Come gather 'round, if ye be brave of heart,
A tale of dreadful woe have I to tell:
On Thursday morn my tragic tale did start,
When coliforms were found inside our well.
They may have been there months, admittedly--
What that entails I feel no need to spell.
But so they stopped our well immediately
Bacteria from the water to expel.
Yet Tuesday, and again on Friday morn
We heard that still our water was unwell.
A three-fold plague have we, so I must warn
That drought can cause a people to rebel.
Oh fie, oh spite! There will be hell to pay
Unless that cursed well gets well, I say.

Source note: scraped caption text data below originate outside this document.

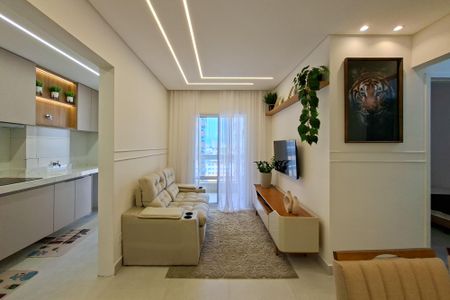 Apartamento para alugar com 67m², 2 quartos e 1 vagaSala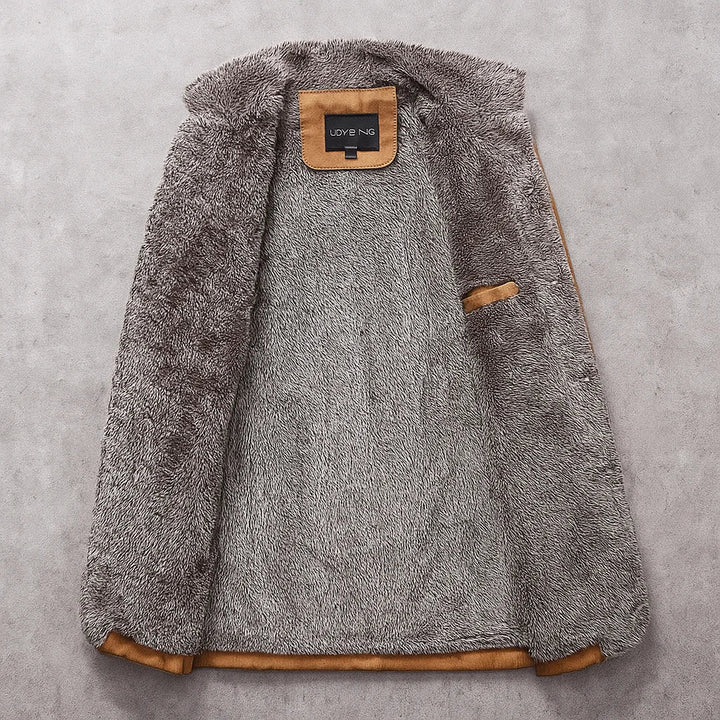 Jack | Herren-Lederjacke aus echtem Leder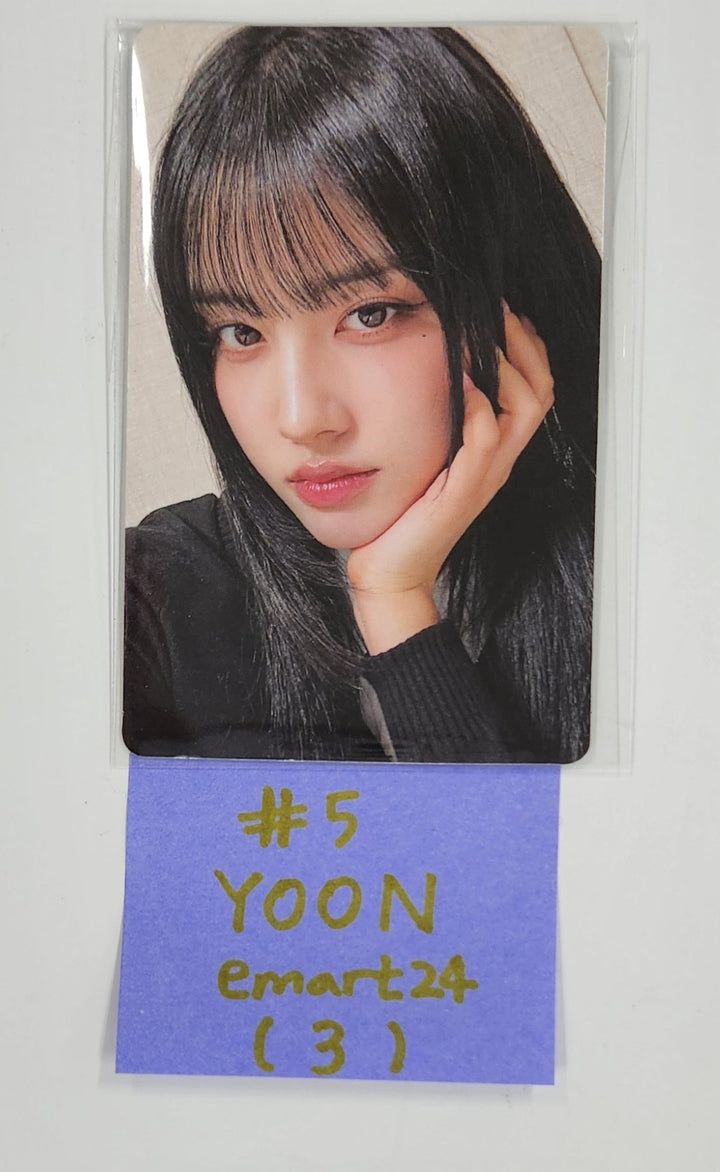 STAYC "S" - Emart24 Pre-Order Benefit Photocard [PLVE Ver.] [25.3.26]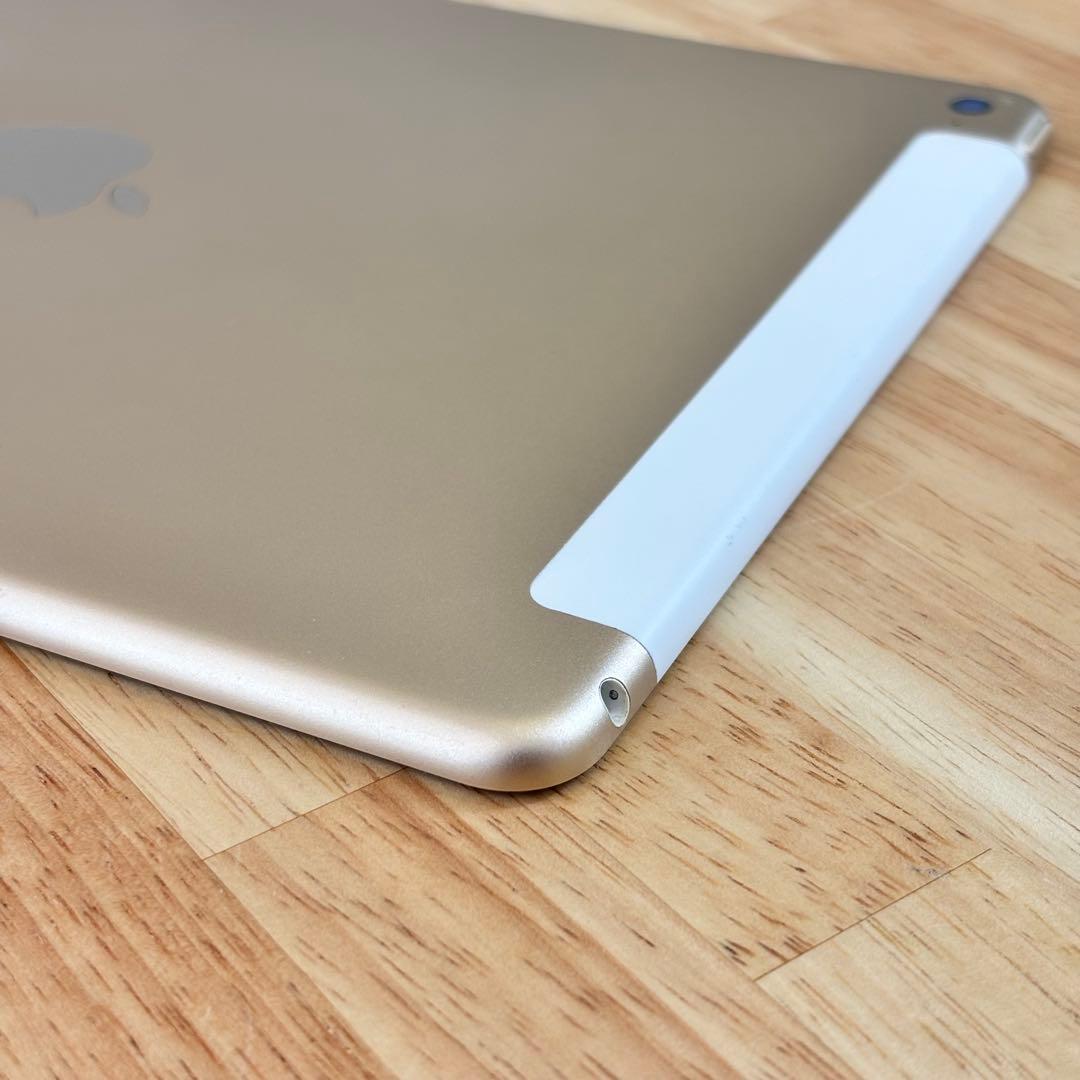 iPad本体 Apple au iPad Air2 64GB Wi-Fi+Cellular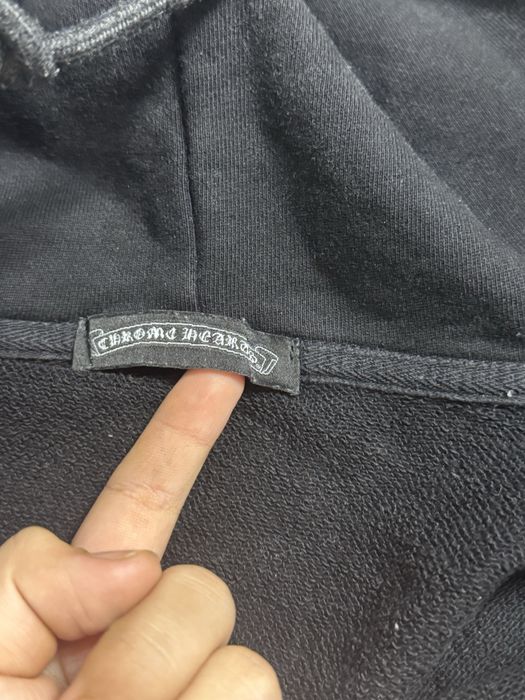 Hoodie chrome hearts amore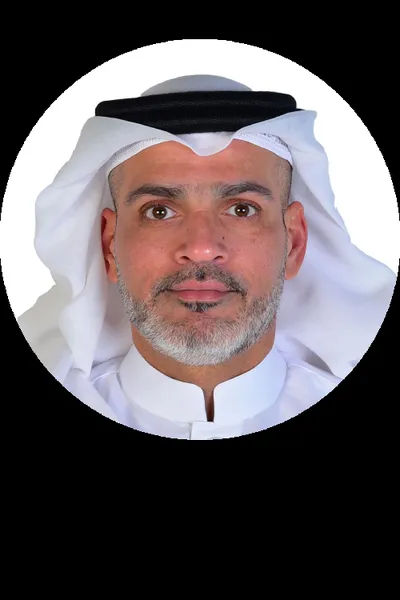 Portrait of Ali Abdulrasool Al-Halwachi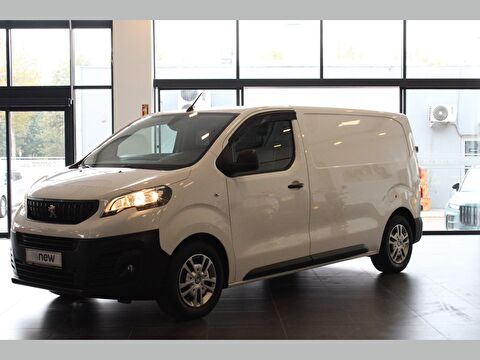 Van 1.5 BlueHDI, 2. el otomobil | renew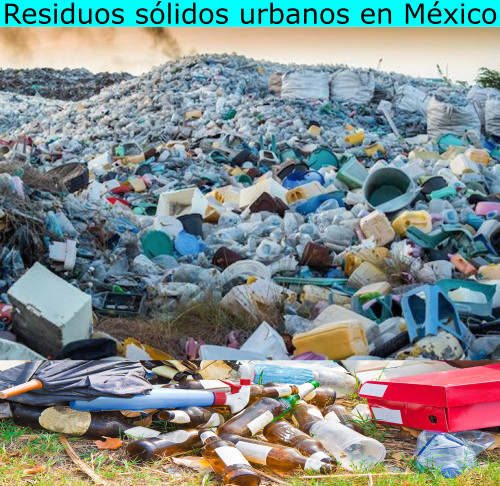Residuos sólidos urbanos en México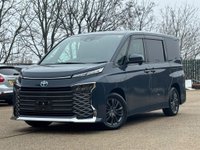 USED TOYOTA VOXY/NOAH FRESH IMPORT, EXCELLENT CONDITION
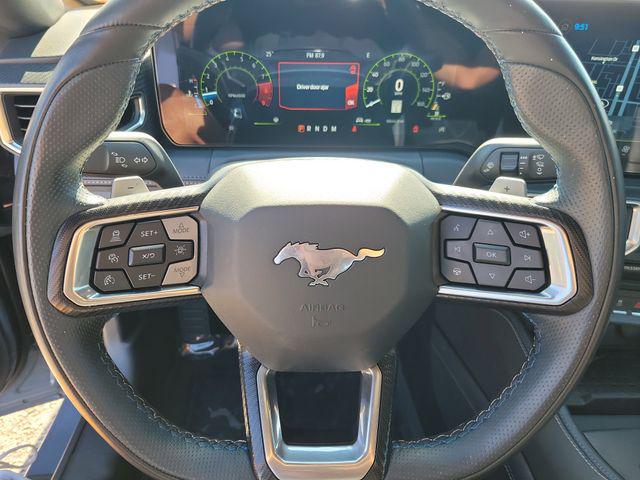 2024 Ford Mustang GT Premium Convertible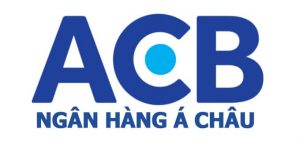 logo ngân hàng ACB Á Châu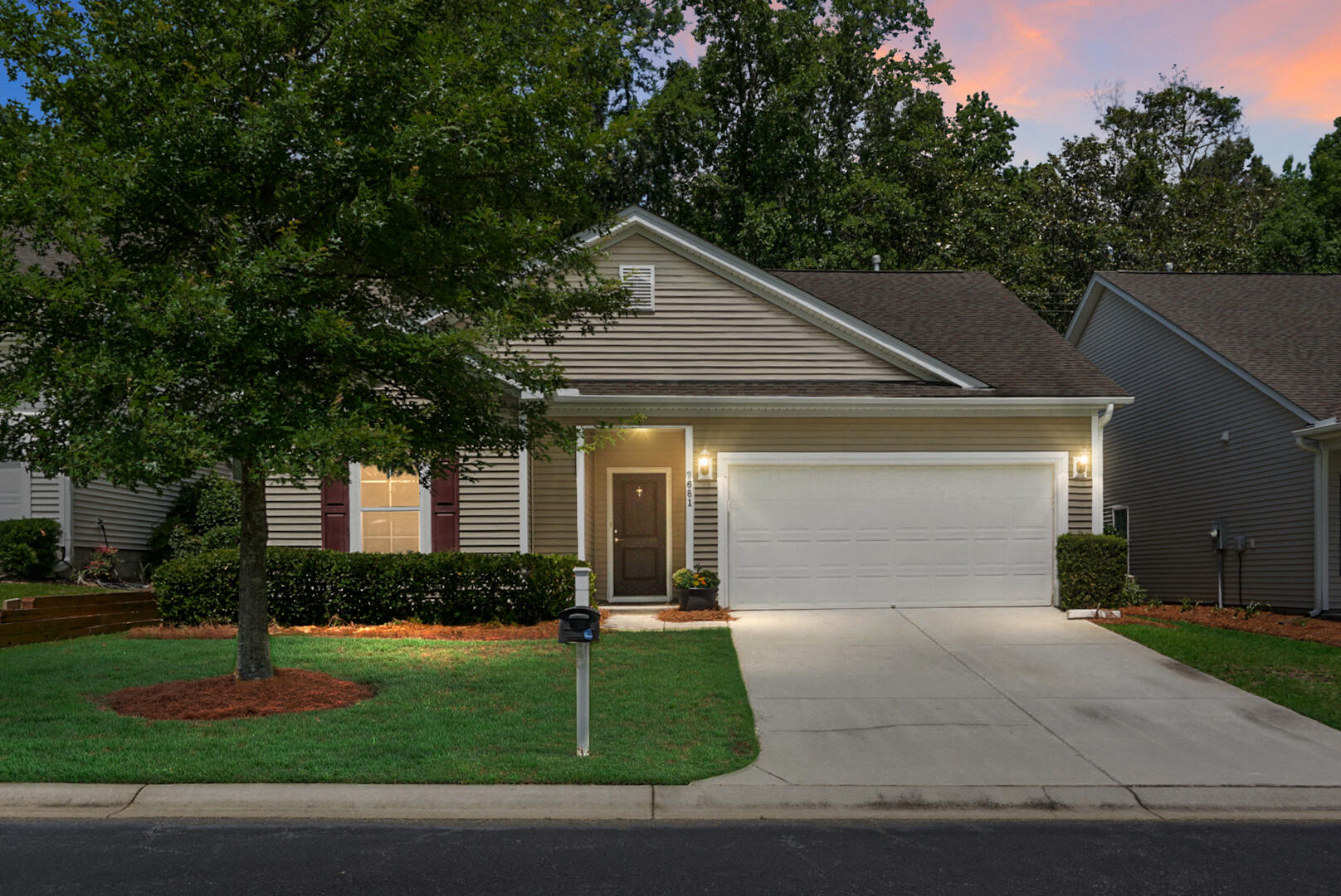 2681 Hanford Mills Lane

There are very few things that have ever inspired me to write a sonnet, since I have no talent as a poet and thus generally the world is better off if I don't attempt such a feat (my last sonnet was for a dumb AP U.S. History project where we had to write a Valentine to an American historical figure of our choosing; a sonnet was certainly not required, but once the line Shall I compare thee to Calhoun or Clay? drifted into my little brain, I had to see it through and write an entire love sonnet to Daniel Webster). Anyway, the building that I live in has been without full use of water for over a week now since testing positive for coliform bacteria last Thursday (not fecal coliform, for those who know the difference; for those who don't, fecal coliform bacteria are generally from human waste and accompanied by other fecal stuff that's gross and makes you sick, whereas non-fecal coliform bacteria are just, well, bacteria, a fact which is supposed to be reassuring). They've chlorinated the well three times now, and hopefully we'll find over the weekend that the third time's the charm. The second time the well tested positive for the bacteria, I sent an email to the other residents of the building with a mere Oh fie, oh spite, oh hell! Is it too much/ To ask that our poor well again be well? But the third time the test came back positive, I felt an entire sonnet was in order to express my full frustration. Hence the sorry excuse for a sonnet you see above.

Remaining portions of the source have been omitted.